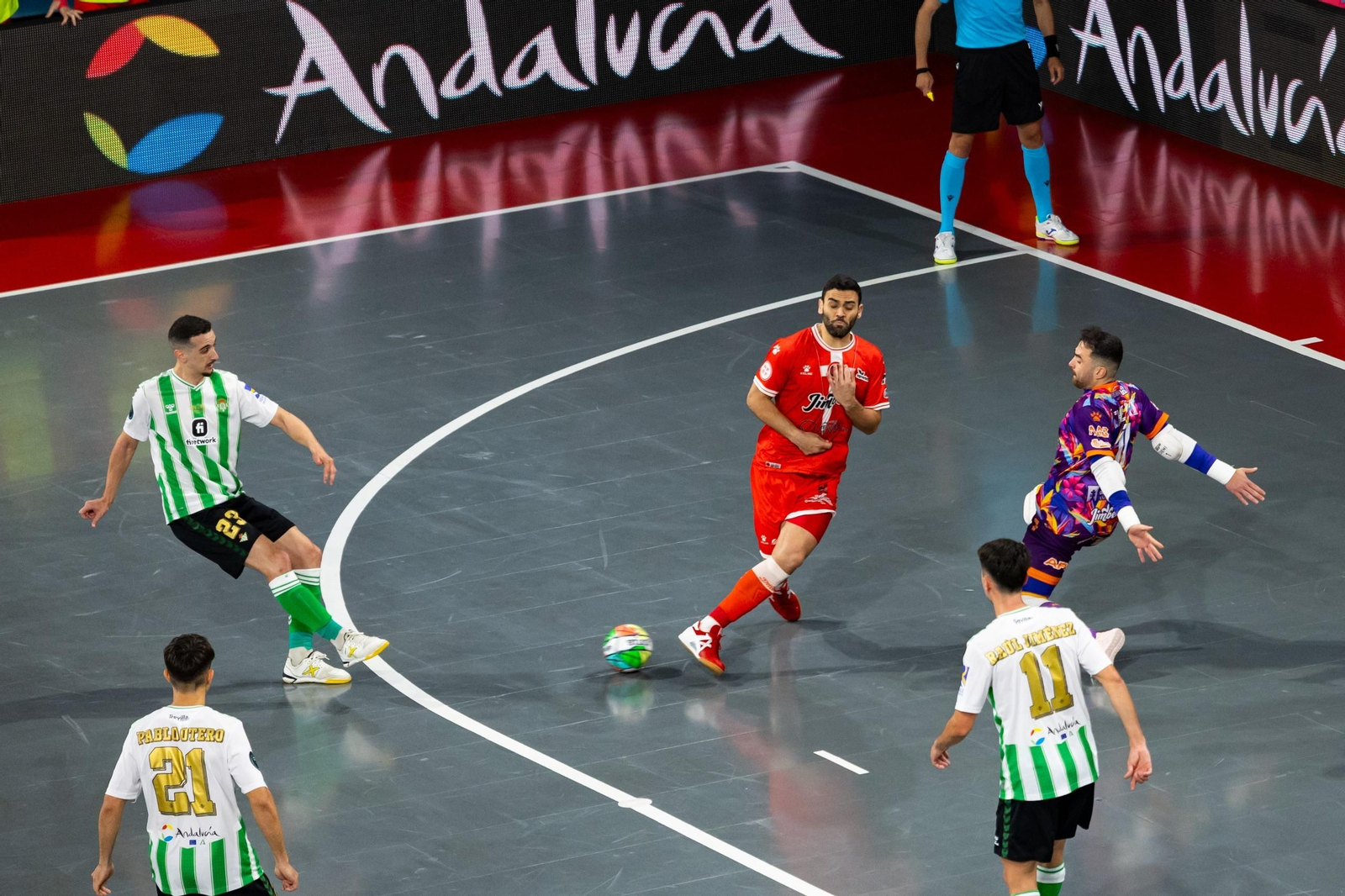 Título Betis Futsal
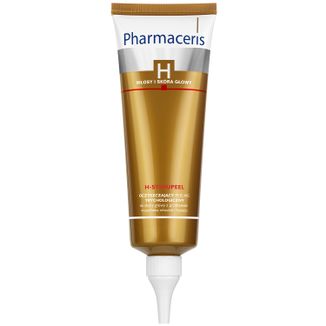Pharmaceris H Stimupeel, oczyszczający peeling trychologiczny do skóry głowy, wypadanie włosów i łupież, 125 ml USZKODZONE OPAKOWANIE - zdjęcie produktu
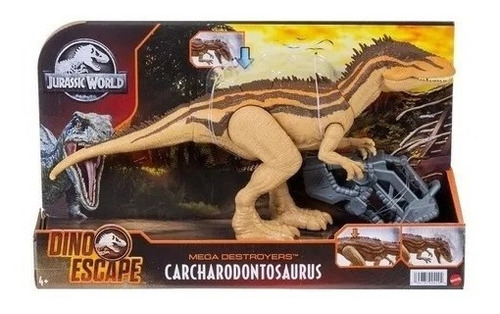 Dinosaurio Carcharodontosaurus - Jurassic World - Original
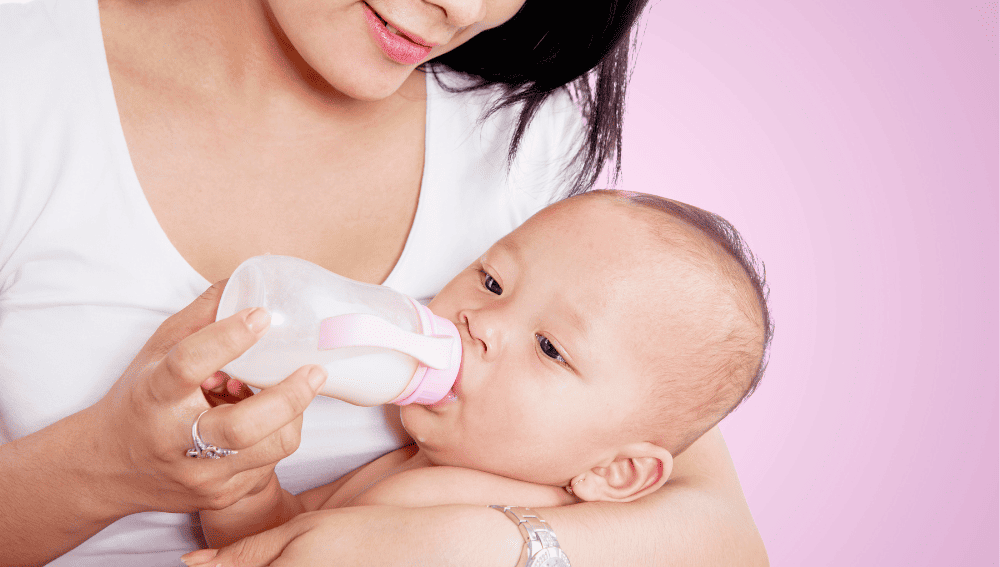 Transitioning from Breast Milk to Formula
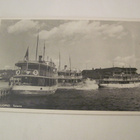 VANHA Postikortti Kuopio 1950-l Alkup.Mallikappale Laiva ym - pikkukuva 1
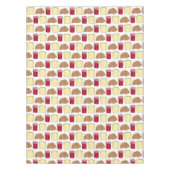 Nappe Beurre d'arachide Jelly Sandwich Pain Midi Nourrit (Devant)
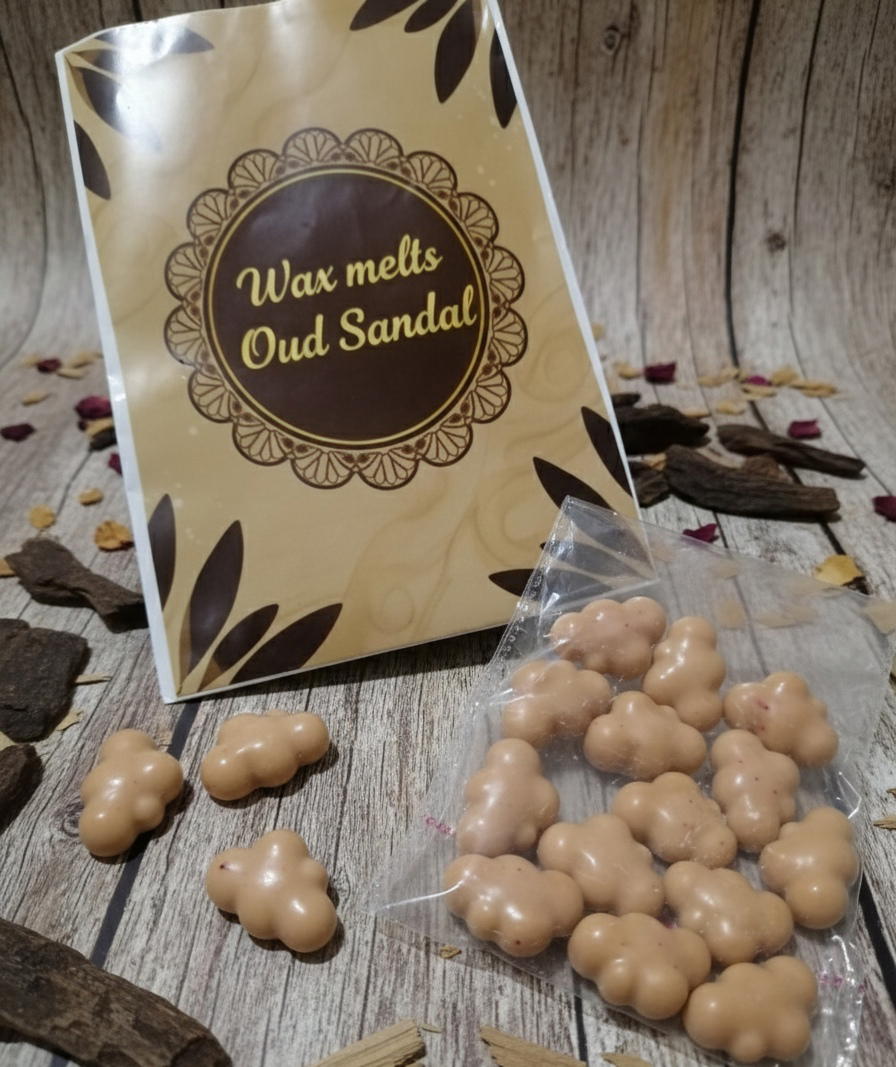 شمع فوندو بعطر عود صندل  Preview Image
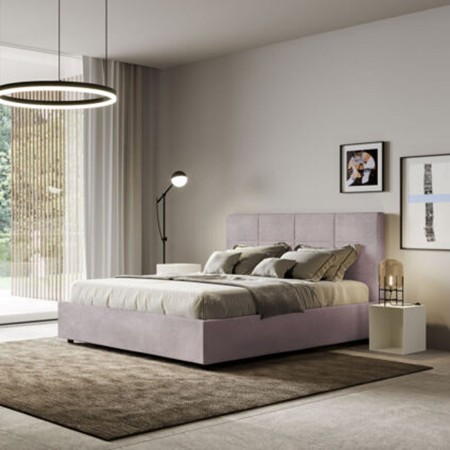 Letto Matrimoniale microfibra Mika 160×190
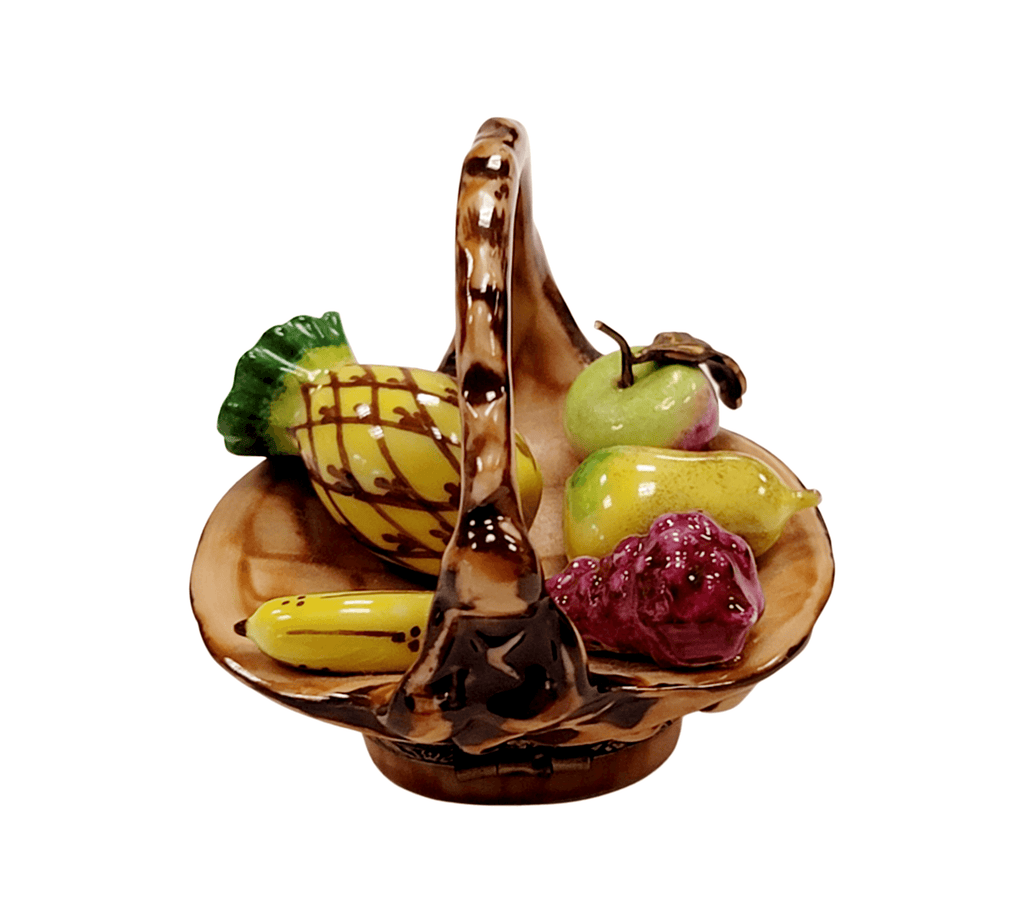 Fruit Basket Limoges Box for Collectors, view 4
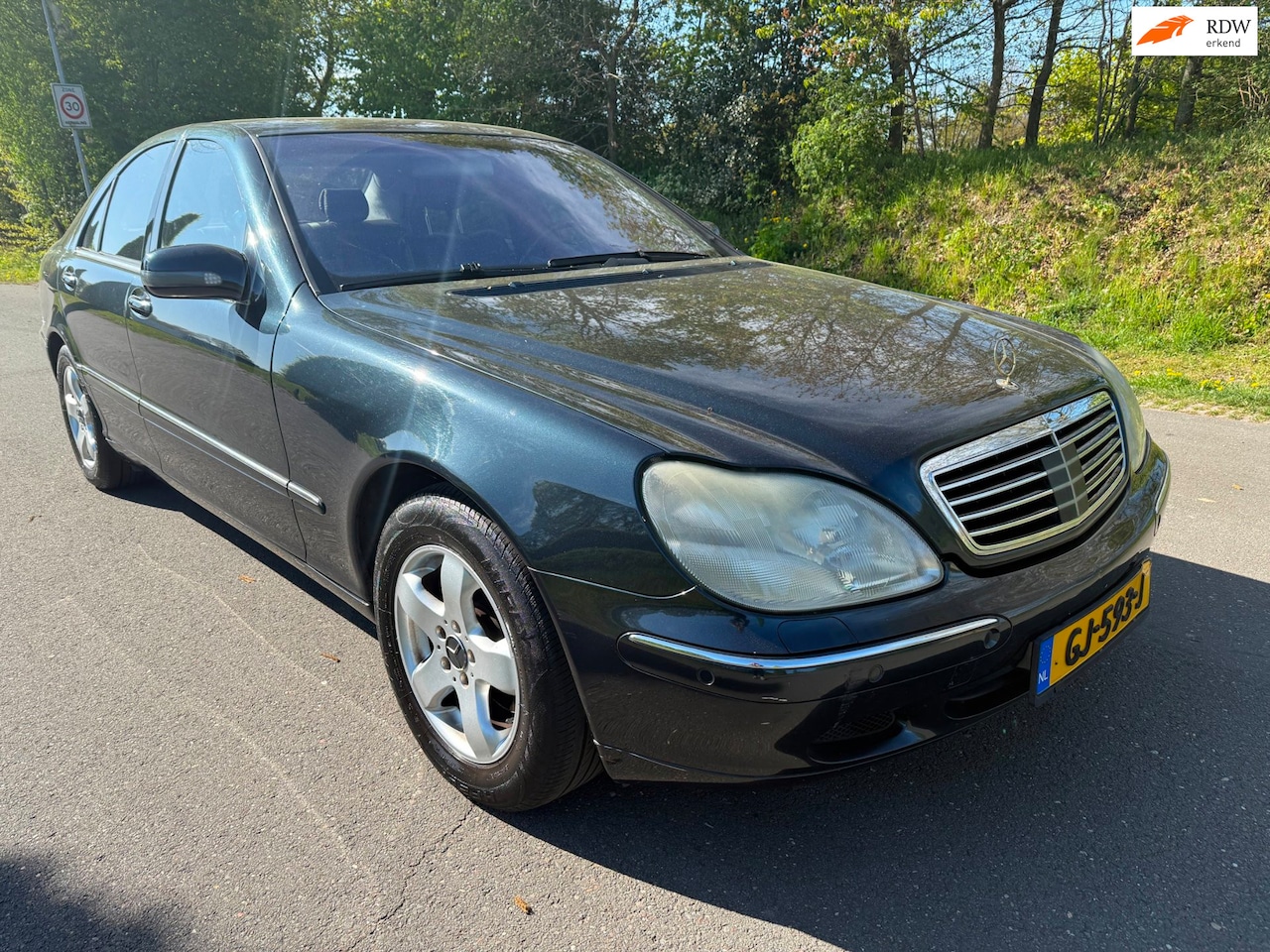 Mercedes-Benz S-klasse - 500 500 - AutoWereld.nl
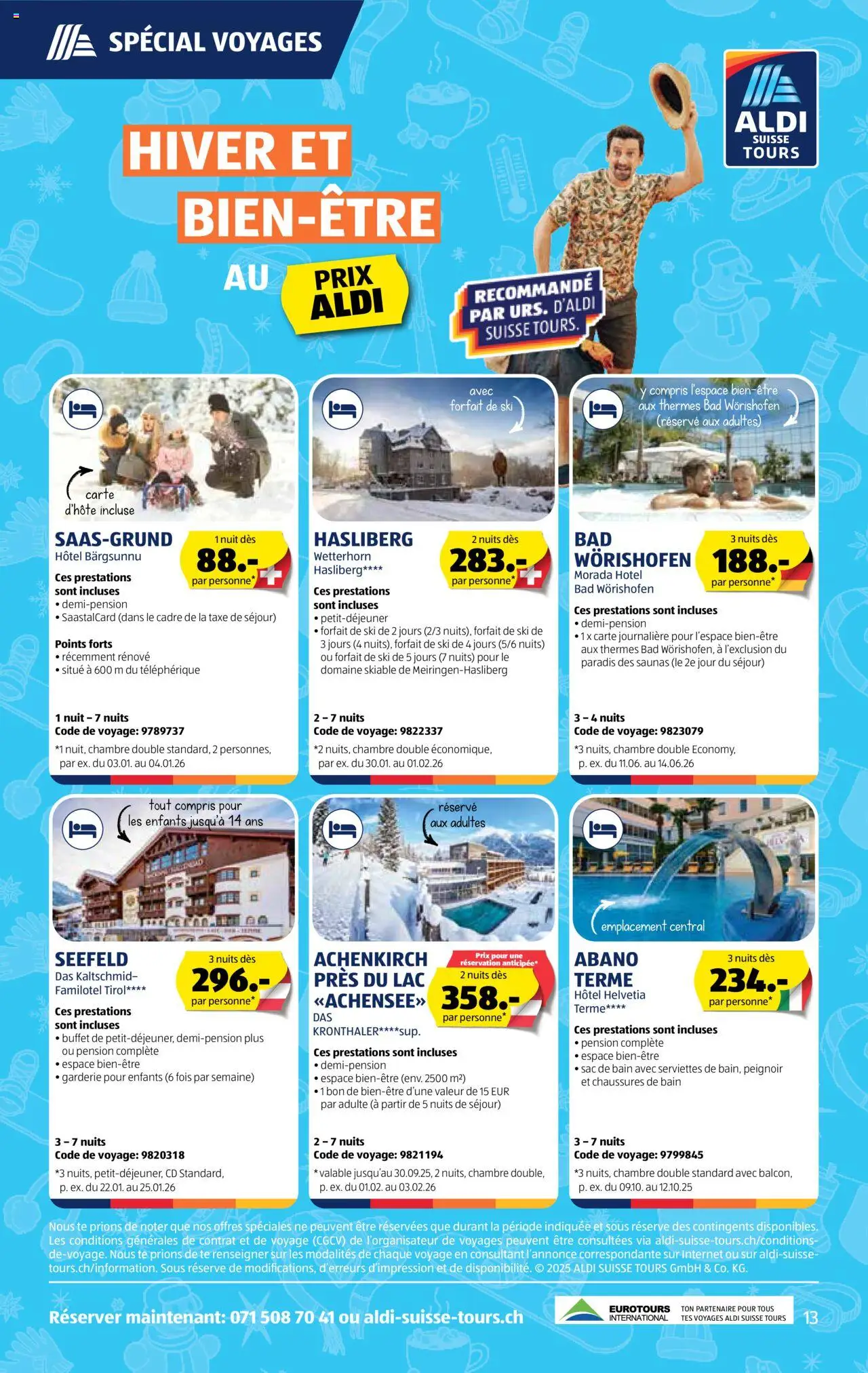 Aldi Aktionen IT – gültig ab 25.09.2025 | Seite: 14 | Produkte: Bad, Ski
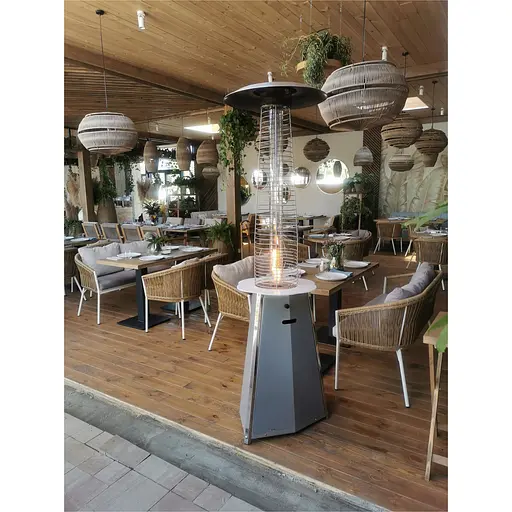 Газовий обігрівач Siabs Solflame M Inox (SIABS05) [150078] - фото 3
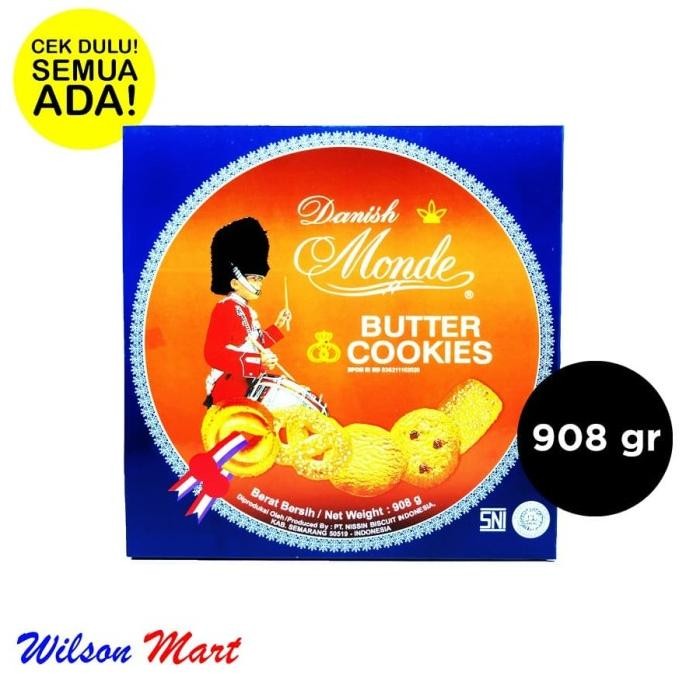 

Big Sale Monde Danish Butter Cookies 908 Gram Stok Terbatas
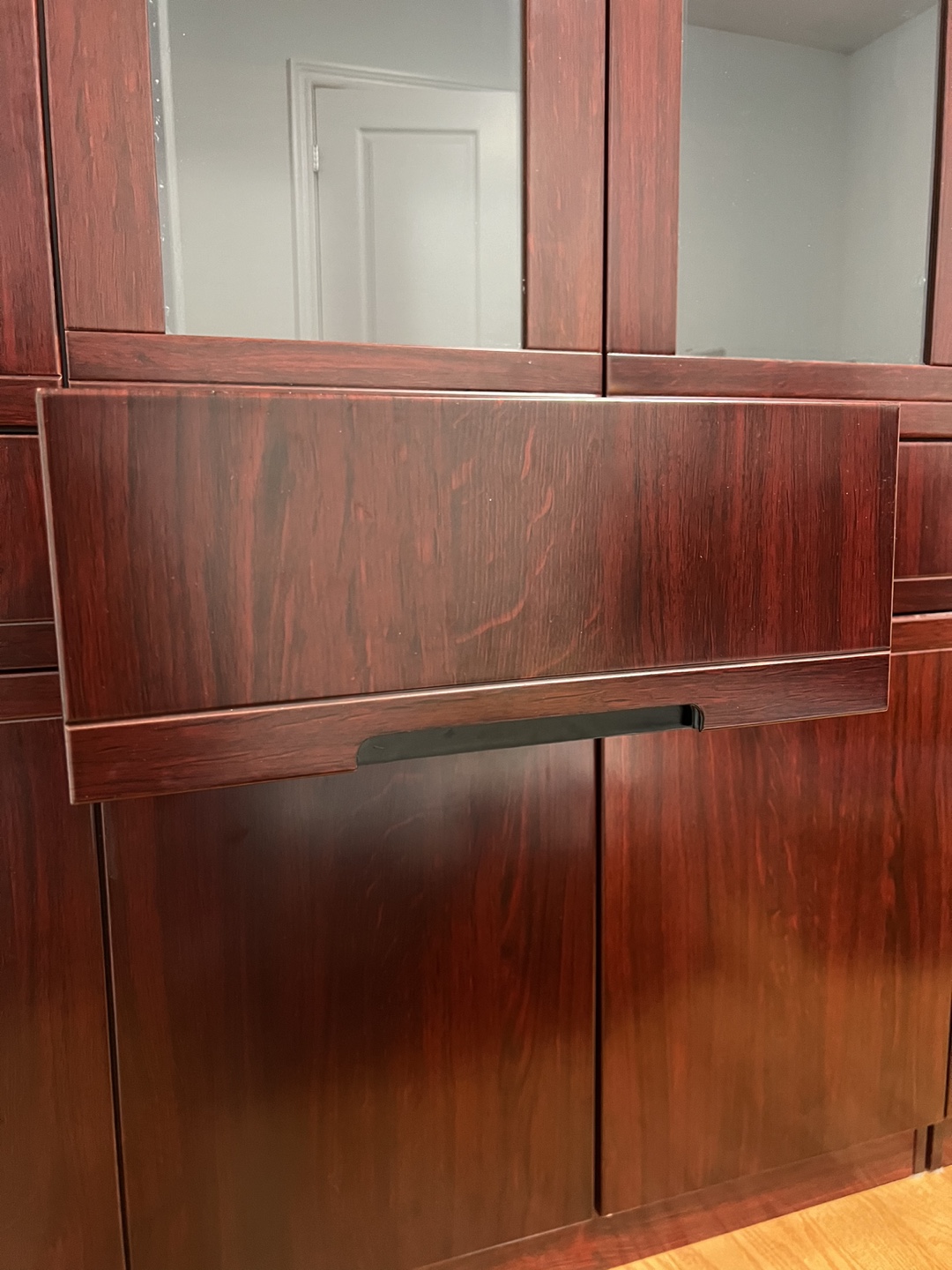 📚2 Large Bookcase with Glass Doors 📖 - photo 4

**Work to be completed**
The answer should be the records above, unchanged, with the pictures omitted.

**Finished task**
 Título Betis Futsal
Pharmaceris H Stimupeel, oczyszczający peeling trychologiczny do skóry głowy, wypadanie włosów i łupież, 125 ml USZKODZONE OPAKOWANIE - zdjęcie produktu
 Dinosaurio Carcharodontosaurus - Jurassic World - Original
 Transitioning from Breast Milk to Formula
 VANHA Postikortti Kuopio 1950-l Alkup.Mallikappale Laiva ym - pikkukuva 1
 Nappe Beurre d'arachide Jelly Sandwich Pain Midi Nourrit (Devant)
 شمع فوندو بعطر عود صندل  Preview Image
 Letto Matrimoniale microfibra Mika 160×190
 Fruit Basket Limoges Box for Collectors, view 4
 Mercedes-Benz S-klasse - 500 500 - AutoWereld.nl
 Aldi Aktionen IT – gültig ab 25.09.2025 | Seite: 14 | Produkte: Bad, Ski
 Газовий обігрівач Siabs Solflame M Inox (SIABS05) [150078] - фото 3

Big Sale Monde Danish Butter Cookies 908 Gram Stok Terbatas
 📚2 Large Bookcase with Glass Doors 📖 - photo 4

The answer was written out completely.